The remainder of the paper is organized in the following order. Section 2 introduces the traditional inversion principle and the gravity inversion principle based on binary constraints. Section 3 analyzes the effectiveness of the binary structure constraint gravity inversion method and compares it with the cross-gradient structure constraint. Finally, Section 4 concludes the paper.

2 Inversion methods

2.1 Single inversion algorithm

The inversion problem can be understood as the search for a physical parameter model that matches the actual subsurface conditions while satisfying the data misfit requirements. In order to avoid problems such as instability and multiple solutions caused by solving pathological inverse problems, the inverse equations are usually solved by the Tikhonov and Arsenin. (1977) regularization method. First, we construct the gravity and seismic first arrival travel time inversion objective functions containing the data misfit term and the model constraint term, respectively, with the following expressions:

$\mathrm{\Phi }\left({\mathbf{m}}_1\right)={‖{\mathbf{W}}_{d1}\left({\mathbf{d}}_1-{\mathbf{f}}_1\left({\mathbf{m}}_1\right)\right)‖}^2+{\alpha }_1\cdot {‖{\mathbf{W}}_{m1}\left({\mathbf{m}}_1-{{\mathbf{m}}_1}_{ref}\right)‖}^2(1)$

${\mathrm{\Phi }}_2\left({\mathbf{m}}_2\right)={‖{\mathbf{W}}_{d2}\left({\mathbf{d}}_2-{\mathbf{f}}_2\left({\mathbf{m}}_2\right)\right)‖}^2+{\alpha }_2\cdot {‖{\mathbf{W}}_{m2}\left({\mathbf{m}}_2-{\mathbf{m}}_{2ref}\right)‖}^2(2)$

Where, ${\mathbf{f}}_1\left({\mathbf{m}}_1\right)$ and ${\mathbf{f}}_2\left({\mathbf{m}}_2\right)$ represent the gravity and seismic forward response, respectively; ${\mathbf{m}}_1$ and ${\mathbf{m}}_2$ represent density and velocity models, respectively; ${\mathbf{d}}_1$ and ${\mathbf{d}}_2$ represent observational data for gravity and seismic, respectively; ${\mathbf{W}}_{d1}$ and ${\mathbf{W}}_{d2}$ represent the diagonal inverse matrices of gravity and seismic data noise errors, respectively; ${\mathbf{W}}_{m1}$ and ${\mathbf{W}}_{m2}$ represent the gravity and seismic model smoothing matrices, respectively; ${\mathbf{m}}_{1ref}$ and ${\mathbf{m}}_{2ref}$ represent reference models for density and velocity models, respectively; ${\alpha }_1$ and ${\alpha }_2$ represent the regularization factors for gravity and seismic methods, respectively.

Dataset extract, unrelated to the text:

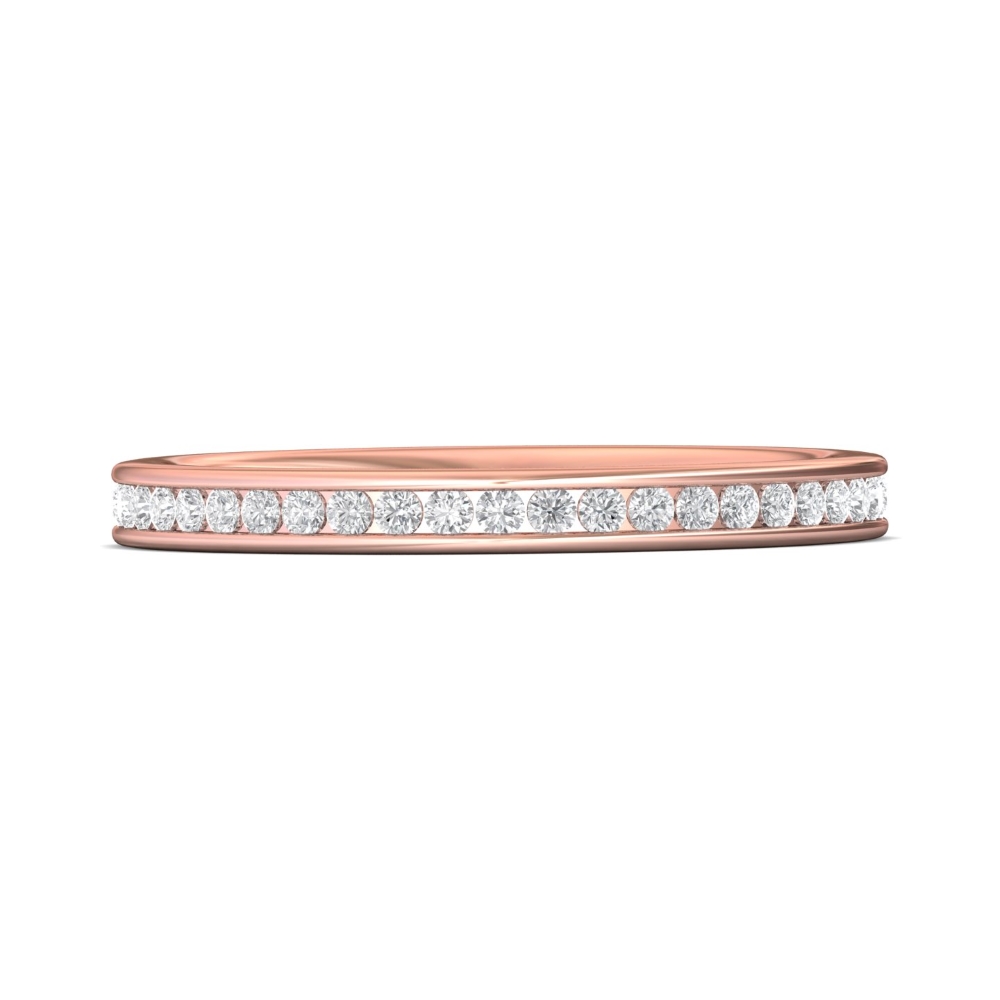 FlyerFit® 14K Pink Gold Eternity Wedding Band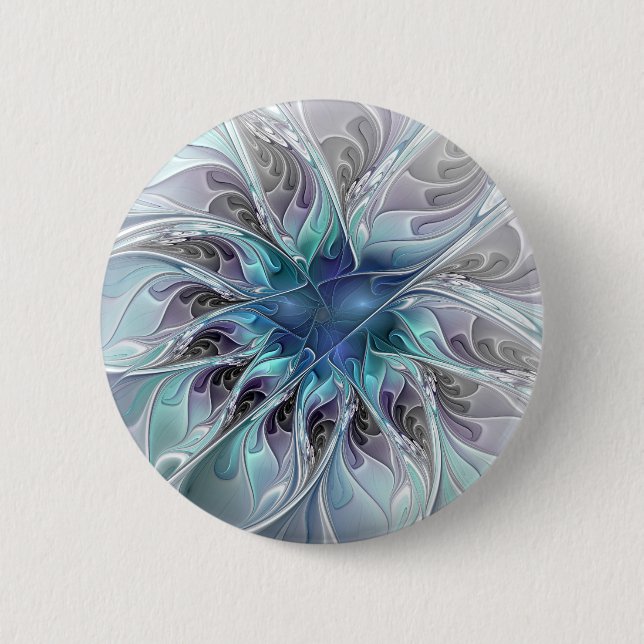 Flourish Abstract Modern Fractal Flower With Blue 6 Cm Round Badge (Front)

For the gravity method (Singh, 2002), the forward response expression is a linear equation which can be expressed as:

${\mathbf{f}}_1\left({\mathbf{m}}_1^{k+1}\right)={\mathbf{A}}_1\cdot {\mathbf{m}}_1^{k+1}(3)$

For the seismic first arrival travel time method (Vidale, 1988), the forward response expression is a nonlinear equation, and the nonlinear problem needs to be transformed into a linear problem in the inverse solution process.

$\mathbf{f}\left({\mathbf{m}}_2^{k+1}\right)\cong \mathbf{f}\left({\mathbf{m}}_2^k\right)+{\mathbf{A}}_2^k\left({\mathbf{m}}_2^{k+1}-{\mathbf{m}}_2^k\right)(4)$

Where, A₁ and A₂ represent the Jacobi matrices for gravity and seismic methods, respectively. k represents the number of inversion iterations.

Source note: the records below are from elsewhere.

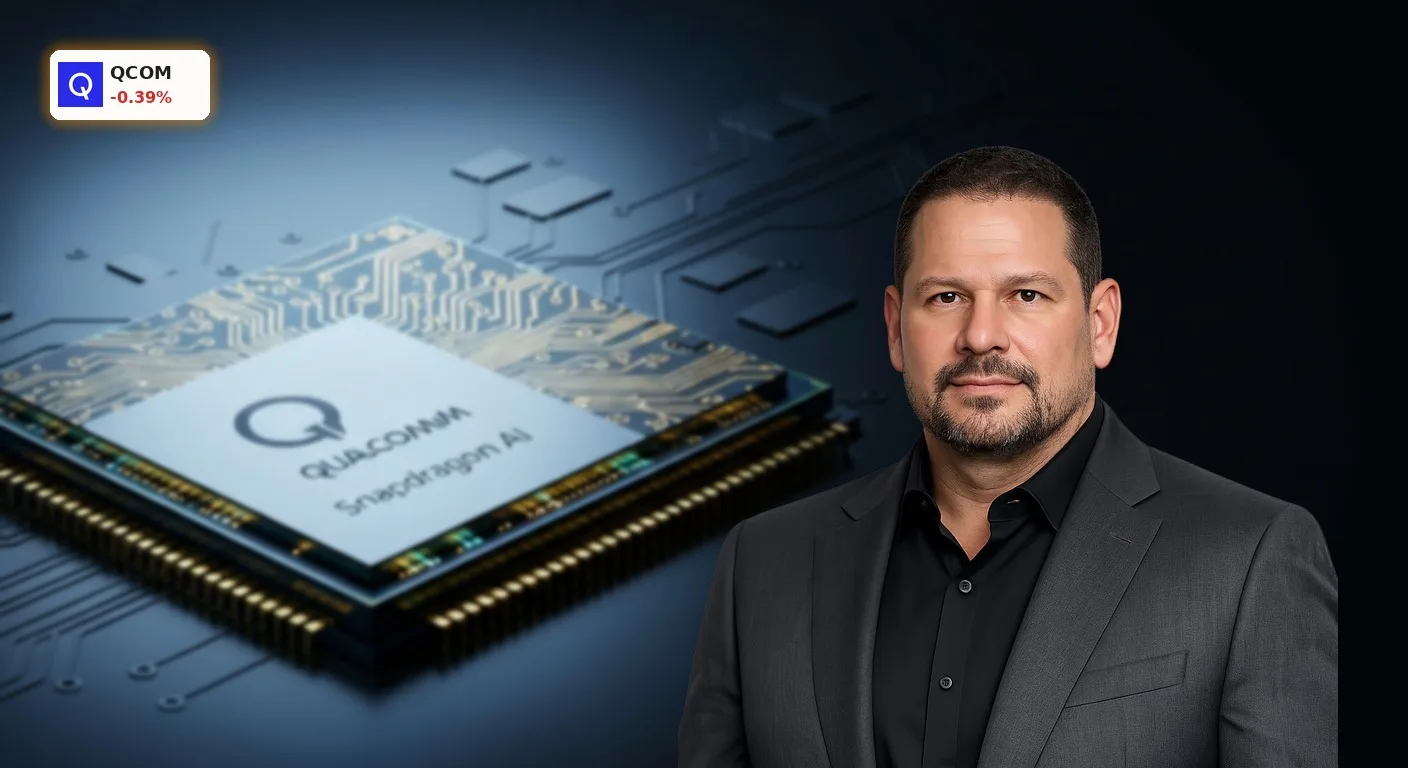 Qualcomm KI: Warum Analysten trotz Tech-Dämpfer an $225 glauben 3 Moderner Halbleiter-Chip mit Qualcomm KI Technologie auf einer leuchtenden Platine im Studio-Licht.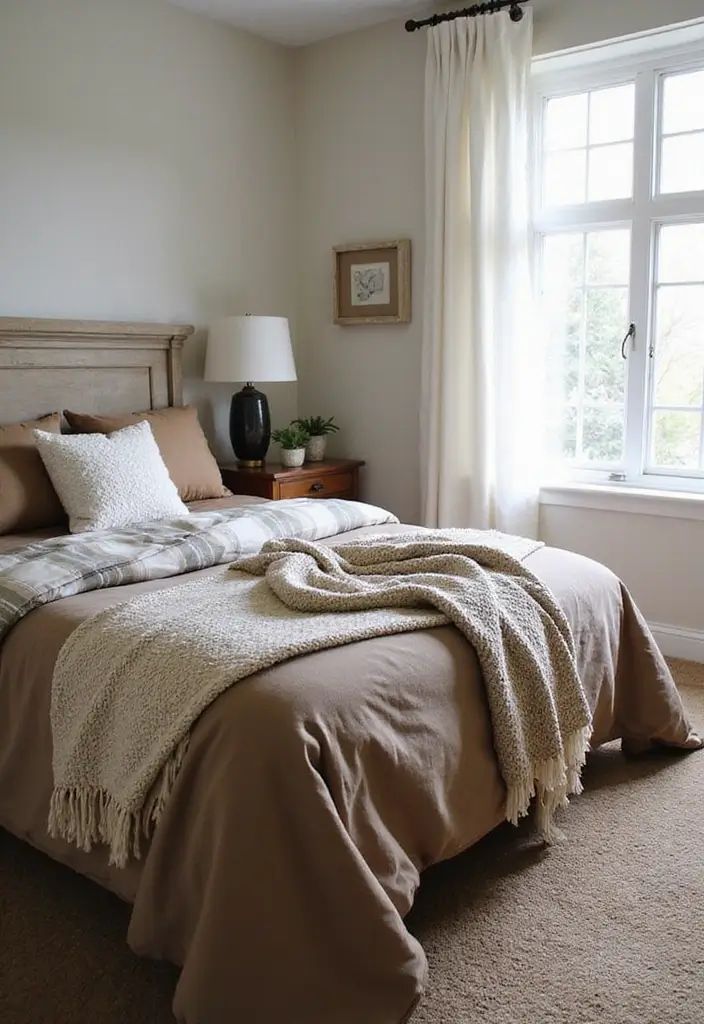 26 Country Style Bedroom Ideas That Feel Warm and Inviting - 8. Farmhouse-Style Bedding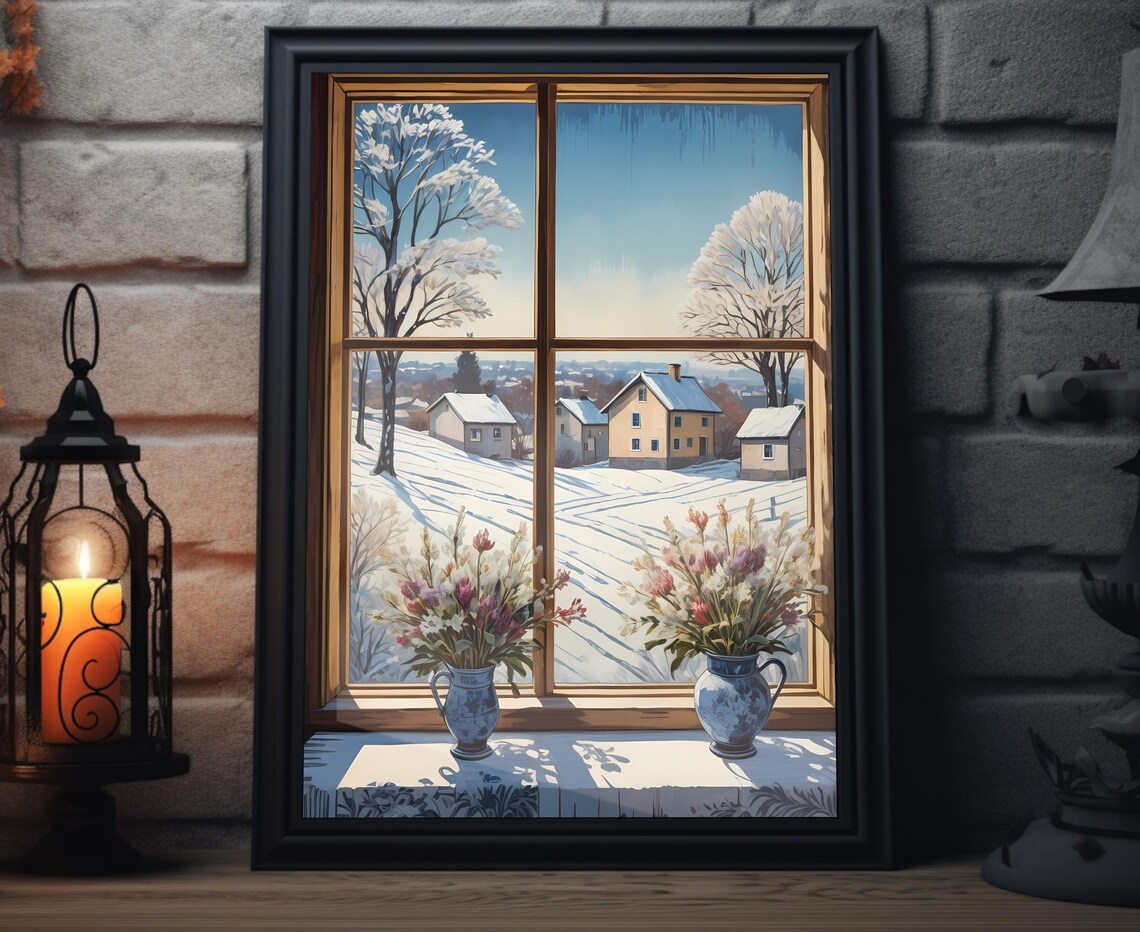 Snowy Village Houses Through Window With Blue Vases Art Poster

By taking the extremes of the inverse objective function Eq. 1 and Eq. 2 respectively. We are able to obtain the expression of the Gaussian Newton method model for the k+1 iteration.

For the gravity method, the model expression for the Gaussian Newton method for the k+1 iteration is given below:

${\mathbf{m}}_1^{k+1}={\mathbf{m}}_1^k+{\left[{\mathbf{A}}_1^{\mathrm{T}}{\mathbf{W}}_{d1}^{\mathrm{T}}{\mathbf{W}}_{d1}{\mathbf{A}}_1+{\alpha }_1\cdot {\mathbf{W}}_{m1}^{\mathrm{T}}{\mathbf{W}}_{m1}\right]}^{-1}\times \left[\begin{array}{l}{\mathbf{A}}_1^{\mathrm{T}}{\mathbf{W}}_{d1}^{\mathrm{T}}{\mathbf{W}}_{d1}\left({\mathbf{d}}_1-{\mathbf{A}}_1{\mathbf{m}}_1^k\right)\\ +{\alpha }_1\cdot {\mathbf{W}}_{m1}^{\mathrm{T}}{\mathbf{W}}_{m1}\left({\mathbf{m}}_1^k-{\mathbf{m}}_{1ref}^k\right)\end{array}\right](5)$

For the seismic first arrival travel time method, the model expression for the Gaussian Newton method for the k+1 iteration is given below:

${\mathbf{m}}_2^{k+1}={\mathbf{m}}_2^k+{\left[{\left({\mathbf{A}}_2^k\right)}^{\mathrm{T}}{\mathbf{W}}_{d2}^{\mathrm{T}}{\mathbf{W}}_{d2}{\mathbf{A}}_2^k+{\alpha }_2\cdot {\mathbf{W}}_{m2}^{\mathrm{T}}{\mathbf{W}}_{m2}\right]}^{-1}\times \left[\begin{array}{l}{\left({\mathbf{A}}_2^k\right)}^{\mathrm{T}}{\mathbf{W}}_{d2}^{\mathrm{T}}{\mathbf{W}}_{d2}\left({\mathbf{d}}_2-{\mathbf{A}}_2^k{\mathbf{m}}_2^k\right)\\ +{\alpha }_1\cdot {\mathbf{W}}_{m2}^{\mathrm{T}}{\mathbf{W}}_{m2}\left({\mathbf{m}}_2^k-{\mathbf{m}}_{2ref}^k\right)\end{array}\right](6)$

Gravity inversion usually produces skinning effect, which leads to the phenomenon that inverted anomalies are concentrated at the surface, in order to ameliorate the effect of skinning effect, we add a depth-weighted matrix to the smoothing constraint matrix (Li and Oldenburg, 1996).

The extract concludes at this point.